Many approaches try to combine different techniques to resize images and define new metrics to measure the quality of proposed methods. In [5], an algorithm which iteratively applies seam carving, cropping, warping, and scaling is proposed. Structural Similarity Metric (i.e., SSIM) is adopted to measure the similarity between original and retargeted images. The work in [13] combines several resizing operators and defines a new image similarity measure which is used with a dynamic programming algorithm whereas in [12], the authors present a comprehensive perceptual study and analysis of image retargeting. The authors of [12] propose a metric that can predict human retargeting perception. A measure that simulates the human vision system is also proposed in [10]. In particular, global topological property is the core of the method and image scale space is considered to extract the global geometric structures from retargeted images. In [11], a real-time approach based on axis-aligned deformation space is introduced. It minimizes convex energy under feasible constraints with the aim to guarantee the convergence of the method and the quality of the results. In [6], a metric that measures the geometric distortion of a retargeted image based on the local variance of SIFT flow [9] vector fields of the image is presented. To measure the quality of retargeted image, the work in [8] proposes an objective quality assessment method which takes account the following factor: preservation of saliency regions, symmetry and global structure, influence od introduced artifacts and aesthetics.

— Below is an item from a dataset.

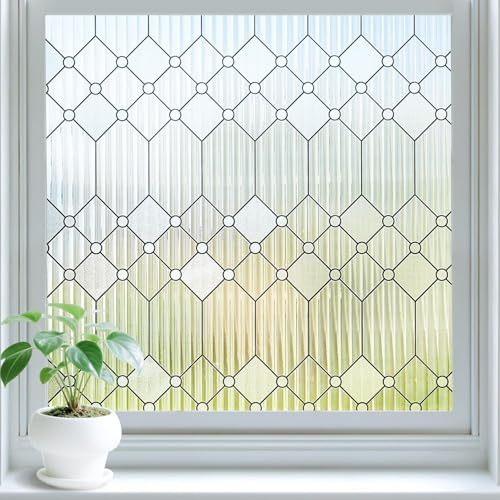 Lifetree Film de fenêtre opaque autocollant en verre dépoli - Film de protection solaire anti-UV pour cuisine, salle de bain et bureau - 75 x 200 cm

In the last years, deep neural network models have been considered for image resizing. The work in [3] proposes a weakly- and self-supervised deep Convolutional Neural Network (CNN) that takes a source image and a target aspect ratio as input. In [17], it is presented a perceptually aware model that reduces the dimension of the original photo/video by deeply encoding human gaze shifting sequences. Even if CNN based methods show encouraging results, the end-to-end approach implemented by such encoder-decoder models creates a new image with a pre-defined aspect ratio, without any knowledge about the process that determined the pixels that have been removed.

In this paper, we present a new method for image retargeting which is based on GGVF. We assess and investigate the importance of one of the main involved parameter (K) of GGVF, which balances the smoothing term and data term. The proposed approach has been compared with respect to a method based on GVF [2] and a seam carving approach [1] for different values of percentage of resizing. Experimental results demonstrate the relation between K and the scale factor of retargeting. They also show that the proposed method is able to overcome some difficulties of method based on GVF.

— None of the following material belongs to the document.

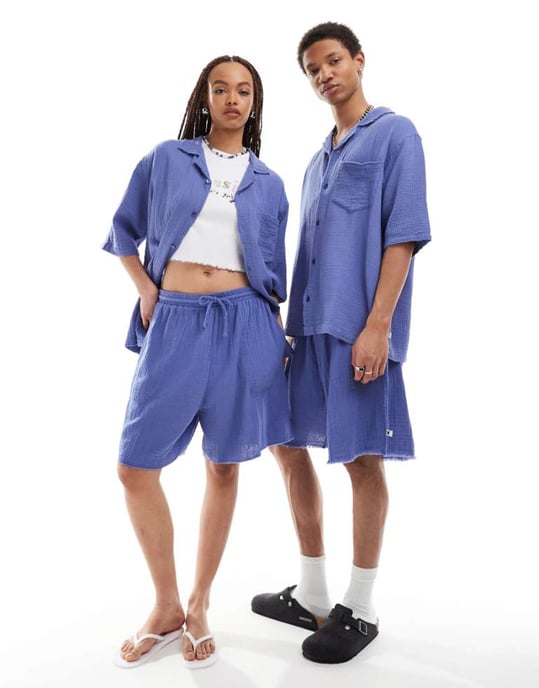 COLLUSION Unisex texturerad lång kortkoordinat i lavendelblå - Image 1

The paper is organised as follows. In Sect. 2, the comparison between GVF and GGVF is introduced and our algorithm is detailed. Section 3 presents and discuss the results. Finally, conclusions and hints for future works are given in Sect. 4.

Fig. 1.
figure 1

GGVF of test image for different values of K. \(1^{th}\) column: K = 0.001, \(2^{th}\) column: K = 0.05, \(3^{th}\) column: K = 0.75, \(4^{th}\) column: K = 1, \(5^{th}\) column: K = 1.25.

2 Proposed Method

Gradient Vector Flow [14] is a force field \(\mathbf F \) of vector \(\mathbf v (x,y)=[\textit{u}(x,y),\textit{v}(x,y)]\) that minimizes the following energy function:

$$\begin{aligned} \begin{aligned} E&=\iint \mu (\textit{u}_x^2+\textit{u}_y^2+\textit{v}_x^2+\textit{v}_y^2)+|\nabla f|^2 |\mathbf v -\nabla f| dx dy\\&= \iint \mu \nabla ^2 \mathbf v +|\nabla f|^2 |\mathbf v -\nabla f| dx dy \end{aligned} \end{aligned}$$
(1)

where \(\mu \) is a regularisation parameter that controls the trade-off between the first term, called smoothing term, and the second term, named data term, in the integrand. The terms \(\textit{u}_x, \textit{v}_x, \textit{u}_y, \textit{v}_y\) indicate the partial derivatives along x and y axes, f is an edge map of the input image, \(|\nabla f|\) is the gradient of f and \(\nabla ^2\) is the Laplacian operator. If \(|\nabla f|\) is close to zero, the energy E in Eq. 1 is dominated by \(\mu \nabla ^2 \mathbf v \), hence GVF is a slowly varying field. On the other hand, when this quantity is large the values of GVF field are close to \(|\nabla f|\) and presents slow variations in homogeneous regions.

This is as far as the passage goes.